また20cmくらいなのかと思っていたら違った。
普通に俺と同じくらいの身長の美女が立っていた。
やっぱり半透明だが、羽はない。長く青い髪に青色に輝く瞳。誰がどう見ても美人にしか見えないが、その表情はちょっとやんちゃな感じに笑っている。ワンピースのような光る布をまとっている。
「やっとこうして会えたわね!」
ミズキであろうその美女は、顕現するなり俺に抱きついてきた。
「おおっ?」
残念なのは温度も感触もないこと。ぶつかったような感覚はあるのだが、具体的な感触が伴わない。
「ちぇっ、接触はできないか……」
残念そうに離れるミズキ。俺もちょっと残念だ。
「な、何あいつ……」
背後の南雲が驚いている。
さっきのミザリーよりはるかに大きくて、普通に人間のサイズだ。それで半透明なのでイメージ的には妖精とかよりは幽霊っぽい感じに見えないこともない。怒られそうなので言わないけども。
「俺の頭の中にいた友達」
「何それ」
「何なんだろな?」
俺もわからん。
さて、ミズキが顕現してくれたわけだけど、確かに体内にあったエネルギー的なものが心なし減っている。
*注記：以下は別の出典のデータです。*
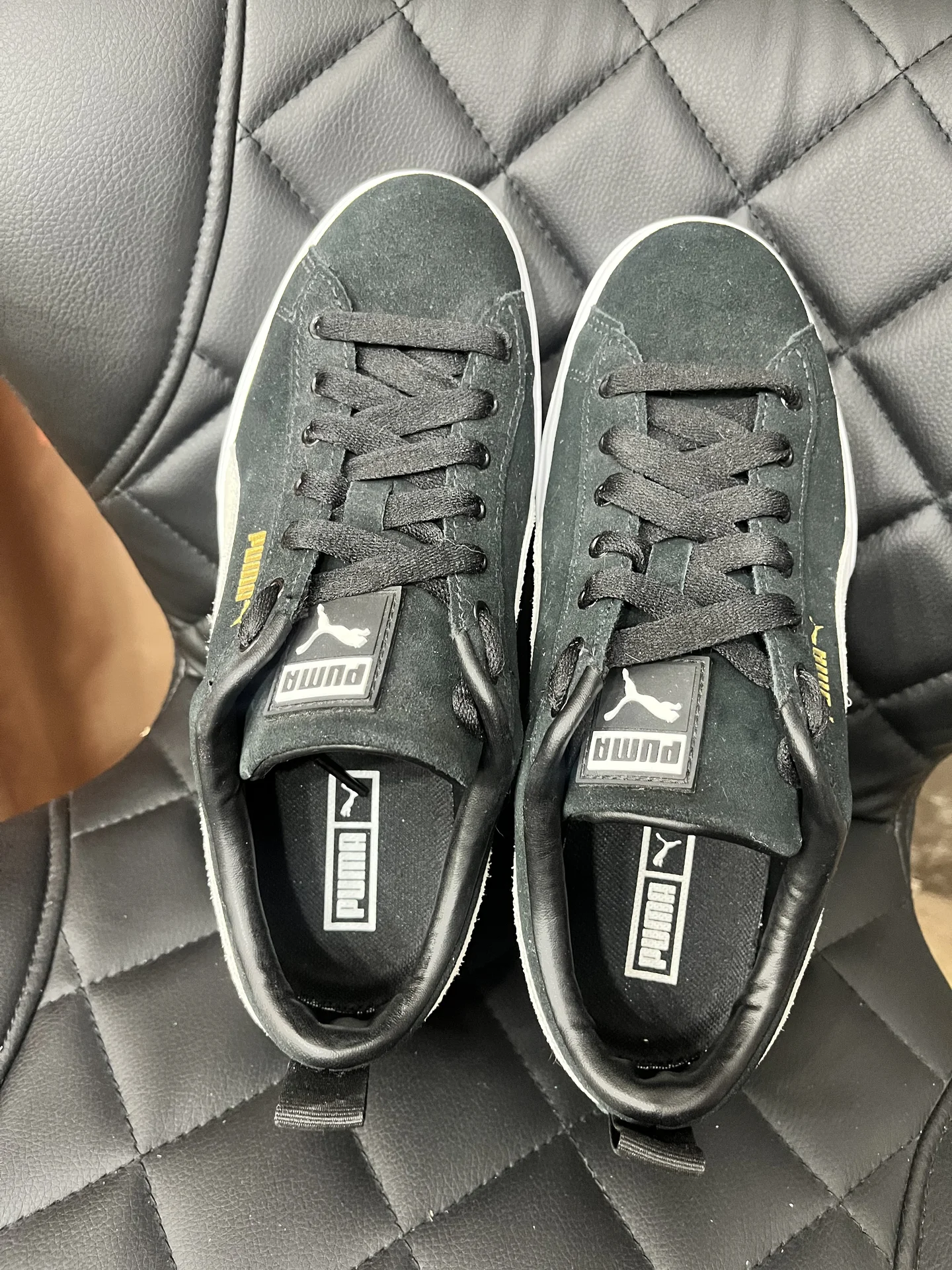 Кеды Puma женские - миниатюра 4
さっきのミザリーの時に比べてよりはっきりと分かった。魔力の残量ってやつはこの感覚なのだろうか?
とにかくまだまだ余力はありそうでひと安心。
そして目の前の結末に安心。
「悠太に喧嘩を売るとはいい度胸ね。アタシが遊んであげるわ」
そう言い放ったミズキは男たちに向かって片手を向けた。
本当にそれだけだった。
「なっ!?」
「何だこれ!?」
「身体が動かねえ!?」
男たちが口々に言い出した。
エルフの女性を捕まえていた男も、手を離し両手を挙げていた。
「伏せ」
犬に言うような言い方だ。
そう言いながら地面を指差すと、男たちは全員顔面から地面に倒れ伏した。
それは伏せではない。
「ふふふ。いいザマね」
完全に主導権を握っている。
体内の水分を操るって、もはや生物相手には無敵なのでは?
というか反則だろう。
「あんたは悠太に手を出したわね。水分を抜いてじわじわミイラにしてあげる」
調子に乗ったミズキはそんなことを言い出した。
エグすぎだろそれは!?
「ちょっ、待てお前!」
「ん?」
慌てて止める俺に不思議そうに振り返るミズキ。
「殺すなよ! ラブ&ピーーース!」
マジでやめて欲しい。
というか、こいつはヤンデレの気でもあるのか?
『ミズキは少し、そういうところがありますね』
脳内でこっそりカグラが教えてくれた。
「さっすが悠太。優しいわね」
俺に対してにっこり笑った後、倒れふす男に冷たい目で言い放った。
「悠太が許してくれるって。感謝しなさいよ」
こくこくこくこくと必死でうなずく男たち。もはや震えているように見える。実際震えていたのかもしれないが。
こうして転世人たちの襲撃は幕を閉じたのだった。
まだまだ続きます!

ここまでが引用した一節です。